Osbrown

Two little boys with bright red flowers/still trying to hide what’s really ours

On Day Two of The Slog’s investigation of Budget criminality, eight years after the event the crippling costs of national fraud committed by the Whitehall Sir Humphries turn up on Page 69 of the 2016 Budget Policy Costs Document. The time for everyone from the WASPIS via the Labour Party and the media to act is upon us.

Time marches on, and overtakes the single investigator: before I could write about over half a billion Pounds being cut from the budget for disabled personal aid appliances (hidden way down the list in the Policy Costings Document) the proposal was abruptly reversed yesterday. It is hard to imagine anyone of sound mind with a civilised background happy to watch disabled people having their welfare cut and being told they’re coughing up for more of what’s left to pay for a new prosthetic, but such is the Madness of King George.

When told they’ve grown too big for their boots, a majority of people will at least try to look contrite. Osbollocks simply goes out and buys bigger boots. (Hand made by Grensens, naturally). Osborne was defiant during the post Budget debate, and giggled in an ill-mannered way during McDonnell’s response speech.

Almost two years ago to the day, I posted to ask, “is this man fit to be in Government”? My point – that the bloke is seriously depraved – is a considered opinion on which I’ve never wavered. But there are still things that are passing (literally) unnoticed in the Budget Book.

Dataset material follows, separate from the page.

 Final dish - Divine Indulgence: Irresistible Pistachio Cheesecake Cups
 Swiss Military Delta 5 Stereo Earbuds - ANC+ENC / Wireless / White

Nobody spotted, for example, that Little Osborne saved £250m by not investigating a senior corporate expenses scam involving the use of ‘loans’ that lack only the paying-it-back thing. To Osbollocks and his vulturous entourage, this must look like a rich seam: “let’s legalise everything and save £11bn on the judicial system…surely nobody’ll notice, right?”

However, there is one huge element in there that goes back way, way beyond George…to those halcyon days of the Naughties when Gordoom McAspergers banished boom and bust – and then Saved the World when it did go, um, bust.

While busy telling we the lowly plebs that Things Could Only Get Better, the man without the Right Stuff nevertheless was in possession of all he needed to know about the Brown stuff.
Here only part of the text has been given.